Yes, you can. The best way is to follow Susie's advice.


----------



## divyadinesh07 (Oct 14, 2015)

Susie said:


> You need to add oil as I suggested above.  Put the paste back on the heat, add about 30 g water (to start with), then 328 g Olive oil, and stir and cook until you no longer see oil floating on the water.  You will have to do lots of mashing of the paste and breaking it up into small pieces, and you will most probably have to add more water, but keep at it, and it will eventually come together.  Liquid soap paste is more forgiving that way.
> 
> Can you clarify how many times you have made this before?  I am really confused.



Can I add more than 328gm olive oil so that I can get a superfat of 3%?



Susie said:


> You need to add oil as I suggested above.  Put the paste back on the heat, add about 30 g water (to start with), then 328 g Olive oil, and stir and cook until you no longer see oil floating on the water.  You will have to do lots of mashing of the paste and breaking it up into small pieces, and you will most probably have to add more water, but keep at it, and it will eventually come together.  Liquid soap paste is more forgiving that way.
> 
> Can you clarify how many times you have made this before?  I am really confused.



Also can I put the soap vessel on direct heat on a stove top or do the double boiler?


----------



## The Efficacious Gentleman (Oct 15, 2015)

You can add more, of course.
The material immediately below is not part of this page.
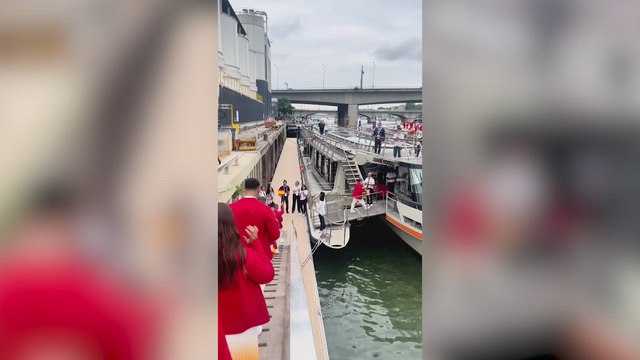 La delegación española camino de la ceremonia de inauguración de los JJOO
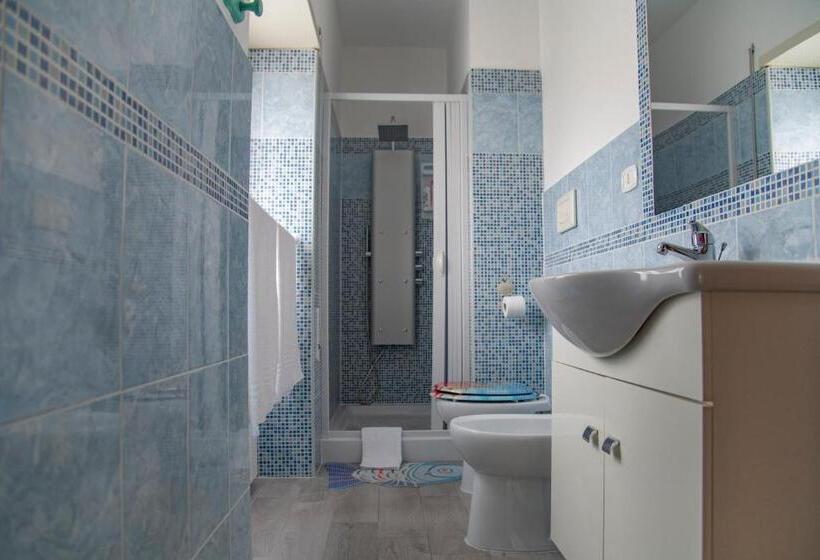 标准工作室带阳台, Casa Laura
Just make sure to calculate it so you don't go too far over. 

As for the heat, it depends if your soap vessel (that sounds very cool!) can go on the stove or not. I often make soap in stainless pans, so for me the answer is 'yes'. If you have yours in a plastic tub, I'd say 'no'


----------



## Susie (Oct 15, 2015)

^What TEG said!

You must use a lye calculator to figure the correct amount of oil.  Soapee.com is really easy to use, can do hybrid soaps like this, and will save your recipe.  That way, you don't even have to run that recipe again, just pull it back up, and away you go.


----------



## divyadinesh07 (Oct 15, 2015)

Thanks guys for all ur help. I just zap tested the soap there is no zap.


----------



## Susie (Oct 15, 2015)

divyadinesh07 said:


> Yes I did a zap test and I literally burnt the tip of my tongue off!



So, you zap tested once, and got zapped. Then you rebatched, and got no zap?  If so, that's good!


----------



## divyadinesh07 (Oct 19, 2015)

Susie said:


> So, you zap tested once, and got zapped. Then you rebatched, and got no zap?  If so, that's good!
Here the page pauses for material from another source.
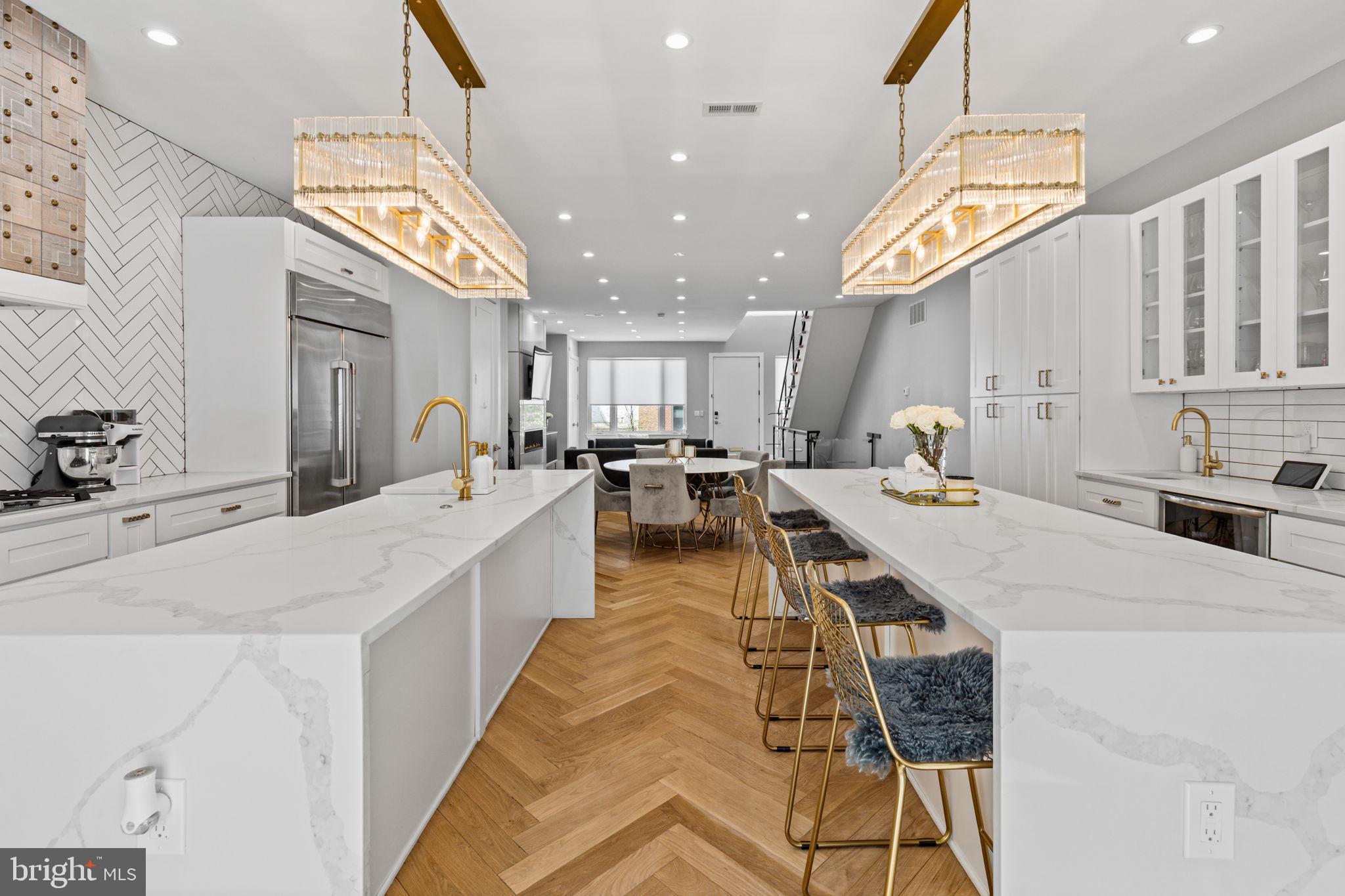 FAIRMOUNT - Residential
First batch I zap tested around 5 times over the period of cooking. The lye was so heavy that my finger tip started getting cracks. Now after rebatching just getting soap taste. But seems like after using the soap is slightly drying on skin in spite of adding 10% GLYCERIN during dilution.


----------



## Susie (Oct 19, 2015)

Glycerin really does not affect the conditioning quality of a liquid soap.


----------



## DeeAnna (Oct 19, 2015)

"...the soap is slightly drying on skin in spite of adding 10% GLYCERIN during dilution. ..."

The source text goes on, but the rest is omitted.